# [WORK ORDER]
The required output is the stretch from the line containing "种植灵芝图片推荐图解大全(精选灵芝图片，种植技巧一网打尽)" through the line containing "每日喝水量与美容关系 动画制作软件有哪些" in the records below, unaltered and with no pictures.

#### DATA FOR THE TASK

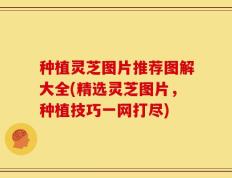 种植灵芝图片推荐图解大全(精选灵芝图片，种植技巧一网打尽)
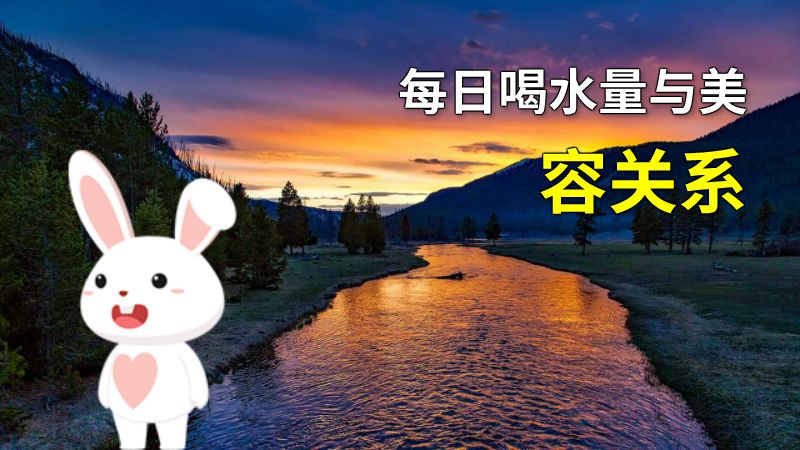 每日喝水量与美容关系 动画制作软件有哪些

########
#### DATA FOR THE TASK

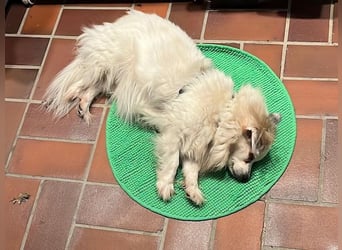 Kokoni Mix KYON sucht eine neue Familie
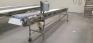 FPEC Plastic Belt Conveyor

########

# [EXERCISE SOLUTION]
 种植灵芝图片推荐图解大全(精选灵芝图片，种植技巧一网打尽)
 每日喝水量与美容关系 动画制作软件有哪些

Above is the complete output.